Be warned: there is nowhere to sit down unless you purchase your drink from one of the many nautical themed pubs nearby but the atmosphere is really chilled out – no bargy elbows or aggressive shoppers here.
Always a good place to visit for restaurants and bars – although a bit of a journey if you’re based centrally – the achingly-hip neighbourhood of Shoreditch boasts some good nightlife, especially in the form of cocktail bars. Although not everyone’s cup of tea, its certainly worth the visits. Personally, I’m a fan of the area and have had some really great nights out there. Be careful though, some of the cocktail places in particular can be a tad pricey and some clubs charge £10+ for entrance.
We ended up in Calloh Callay Bar on Rivington Street which, although not our first choice (our first choice required booking a table in advance), was a good alternative with plenty of space if you’re looking to walk in off the street. I chose a Callooh-Stock cocktail which at £8.50 was very reasonably priced for Shoreditch and made up of Bulleit bourbon, Briottet raspberry liqueur and homemade raspberry lemonade and very tasty. Their menus also come in Oyster card holders which is different (albeit a bit gimmicky for those of us who are used to old man country pubs).
It was then on to a club that I cannot remember the name of but I know I consumed many of their yummy frozen margaritas and danced away the night to excellent music until 3 in the morning.
Christmas shopping can be – and usually is – everyone’s worst nightmare: pushy crowds, people clutching shopping bags to their chests and sides like body armour – urgh! But if you’re going to do it, if you’re going to brave the repetitive Christmas tunes and the abrasive nature of the High Street, you might as well go big or go home. And that’s Oxford Street at Christmas. Big, loud, brash and utterly wonderful.
Now I no longer have to navigate my way through said crowds as a resident of the Big Smoke, (nothing is worse than wanting to pop to M&S to replace your laddered tights and running into a bunch of drunken lads singing Christmas carols – NOTHING) I can step back and enjoy it a bit more. There’s something in the air if you listen hard enough; the buzz of people chatting excitedly, and its quite liberating just to let yourself be carried away with the crowd rather than constantly looking for a way through!
As usual the lights and the atmosphere of Oxford and Regent Street at Christmas will give you the warm-fuzzies and Christmas feels. I may have even gone against my better judgement and popped into Selfridges’ Winter Emporium in all its expensive and loud glory (and I definitely paid a visit to The Disney Store which, FYI, has gone Frozen crazy this year).
I did, however, get completely lost looking for shops that stocked Osprey rucksacks so I could try a few on before I purchased online.

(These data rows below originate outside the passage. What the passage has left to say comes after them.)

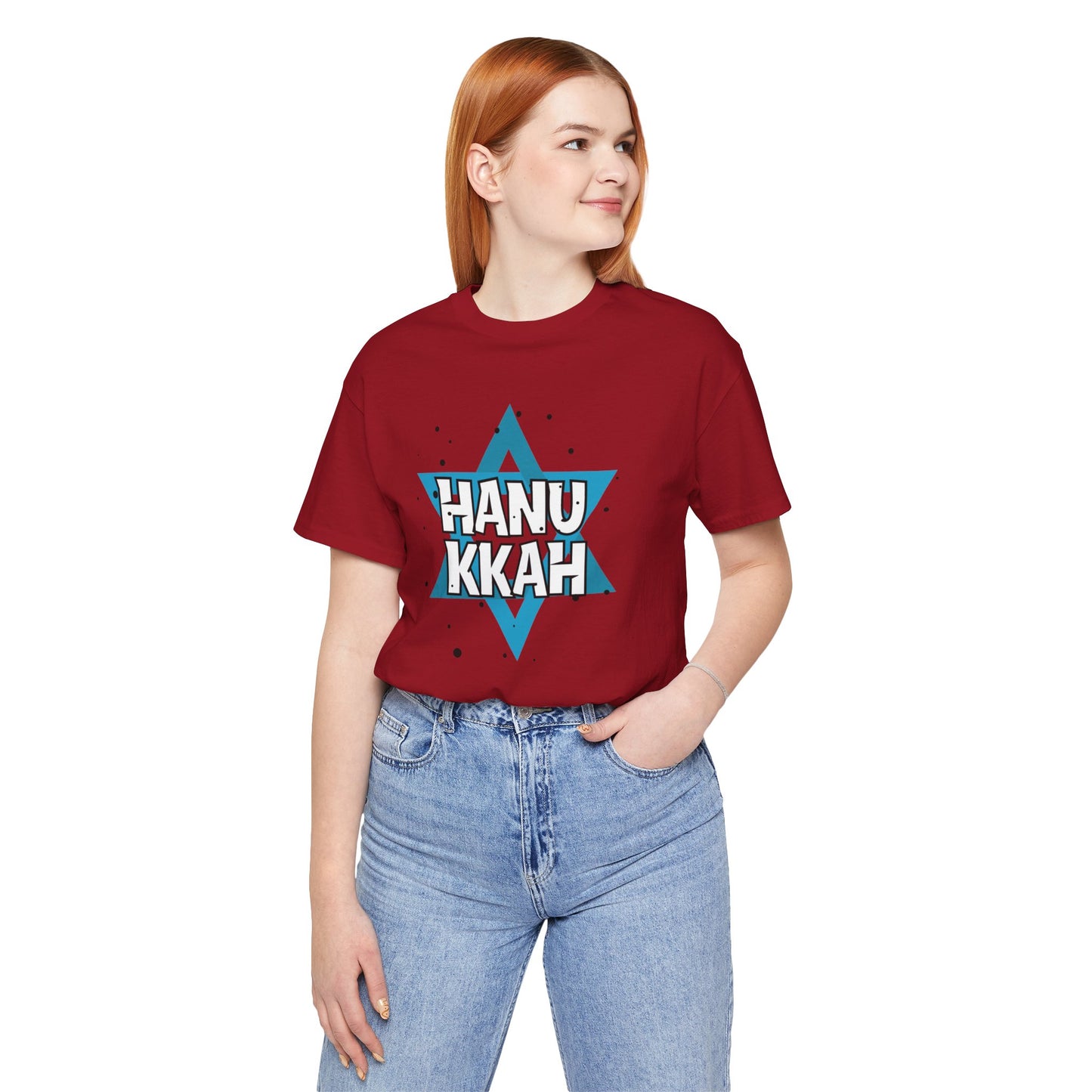 Happy Hanukkah Star Of David - Unisex Jersey Short Sleeve Tee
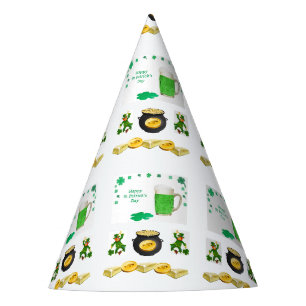 St. Patrick's Day Paper Partyhütchen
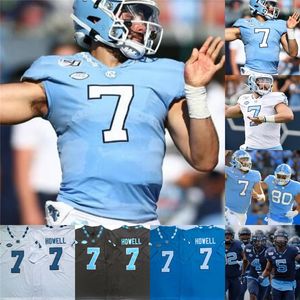 American College Football Wear Carolina do Norte 14 Max Johnson Eric Ebron 10 Mitchell Trubisky Aposentado Vintage Football Jersey qualquer nome nay número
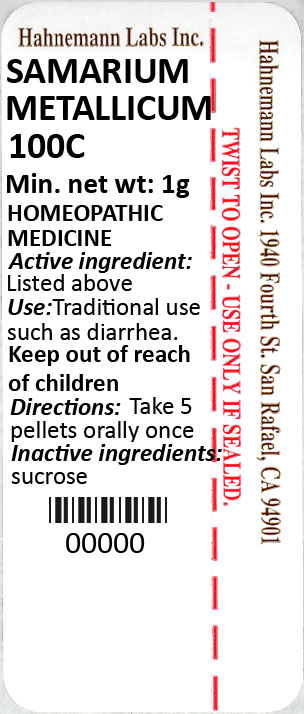 Samarium Metallicum 100C 1g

I was so irritated by this that I ended up leaving OR completely and mooching round Soho for a while via the beautifully festive Carnaby Street which is good for shopping, drinking and eating, and removing yourself from the mania of the main strip before you completely lose your shit.
My advice? Hit Oxford Street in the early morning as it’s bound to be a bit quieter. Or if, like me, you’re more of a night owl, go there early evening, shop a little, and then head to Soho for some dinner and a few drinks.
So what do you lovely lot think of London? Did you go there on holiday and fall madly in love? Have you lived there before? Do you live there now? What are your tips for celebrating – and surviving – the Christmas season in the capital? And most importantly, does anyone know where I can get my paws on Osprey travel packs in the West Midlands?